1979–80 All-Ireland Senior Club Football Championship
- Dates: 23 September 1979 – 25 May 1980
- Teams: 33
- Champions: St Finbarr's (1st title) Christy Ryan (captain) Pat Lougheed (manager)
- Runners-up: St Grellan's

Tournament statistics
- Matches played: 34
- Top scorer(s): Matt Connor (2-25)

= 1979–80 All-Ireland Senior Club Football Championship =

Irish Football Championship

The 1979–80 All-Ireland Senior Club Football Championship was the 10th staging of the All-Ireland Senior Club Football Championship since its establishment by the Gaelic Athletic Association in 1970-71.
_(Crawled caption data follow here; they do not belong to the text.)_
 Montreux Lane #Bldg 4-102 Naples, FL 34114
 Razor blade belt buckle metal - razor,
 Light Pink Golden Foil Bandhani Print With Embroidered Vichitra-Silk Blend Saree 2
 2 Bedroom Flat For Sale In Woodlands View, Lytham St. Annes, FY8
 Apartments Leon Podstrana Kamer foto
Nemo Rangers entered the championship as the defending champions, however, they failed to qualify after being beaten by Castlehaven in the 1979 Cork SFC semi-final.

On 25 May 1980, St Finbarr's won the championship following a 3-9 to 0-8 defeat of St Grellan's in the All-Ireland final at Seán Treacy Park. It was their first ever championship title.
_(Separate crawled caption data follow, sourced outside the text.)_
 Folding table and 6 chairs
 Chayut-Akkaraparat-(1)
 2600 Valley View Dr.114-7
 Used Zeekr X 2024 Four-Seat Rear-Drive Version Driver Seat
Matt Connor of Walsh Island was the competition's top scorer, finishing with 2-25.

==Statistics==
===Top scorers===

| Rank | Player | Club | Tally | Total | Matches | Average |
|---|---|---|---|---|---|---|
| 1 | Matt Connor | Walsh Island | 2-25 | 31 | 5 | 6.20 |
| 2 | James O'Callaghan | St Finbarr's | 2-13 | 19 | 3 | 6.33 |
| 3 | Gerry Browne | Portlaoise | 1-14 | 17 | 4 | 4.25 |

===Miscellaneous===

- St Grellan's won the Connacht Club SFC title for the first time.